Spontaneous $π$ flux trapping in granular rings of unconventional superconductors
Junyi Zhang, Yi Li
TL;DR
The work analyzes spontaneous flux trapping in granular rings of unconventional superconductors through symmetry-guided derivations of first-order Josephson couplings. It establishes a no-go theorem: single-band chiral superconductors cannot trap spontaneous $\pi$ flux in granular rings, while a time-reversal-invariant helical equal-spin pairing state can, even with interface disorder. Incorporating full crystalline symmetry and local inversion-symmetry–induced spin–orbit coupling, the authors propose a minimal two-band model for $\beta$-Bi$_2$Pd that stabilizes HES pairing and naturally explains the observed half-quantum flux in Little–Parks experiments. They further show that $\pi$-flux trapping in HES rings is robust to interface disorder and predict phase diagrams and $\pi$-ring probabilities for three- and multi-grain configurations, suggesting experimental tests with controlled grain orientations. Overall, the results constrain the pairing symmetry in $\beta$-Bi$_2$Pd and point to a spin-orbit–driven mechanism for robust $\pi$-flux physics in granular unconventional superconductors.
Abstract
We study Josephson couplings in unconventional superconductors and generalize the Sigrist-Rice formula by incorporating symmetry constraints and interface orientation disorder.
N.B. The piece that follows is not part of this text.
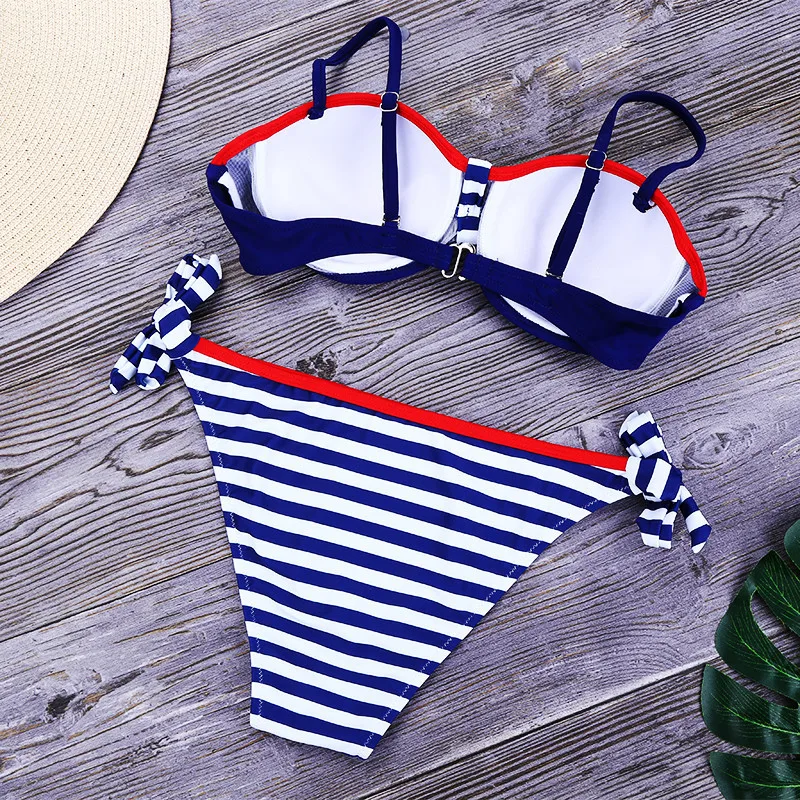Lefeel Bikini 2019 New Sexy Women Swimwear Push Up Swimsuit Womsn Solid Bikinis Set Plus Size Biquini Print Striped Beach Wear |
Applying this framework to granular superconducting rings, we establish a no-go result that single-band chiral superconductors cannot spontaneously trap a magnetic flux. This rules out chiral $p$-wave pairing in $β$-Bi$_2$Pd, in light of the half-quantum flux observed in recent Little-Parks experiments. Incorporating the full crystalline and time-reversal symmetries, we show that a fully gapped helical equal-spin pairing state, naturally stabilized by spin-orbit coupling arising from local inversion-symmetry breaking, is instead favored. We further find that granular rings of such superconductors can trap a spontaneous $π$ flux in a manner robust against interface disorder.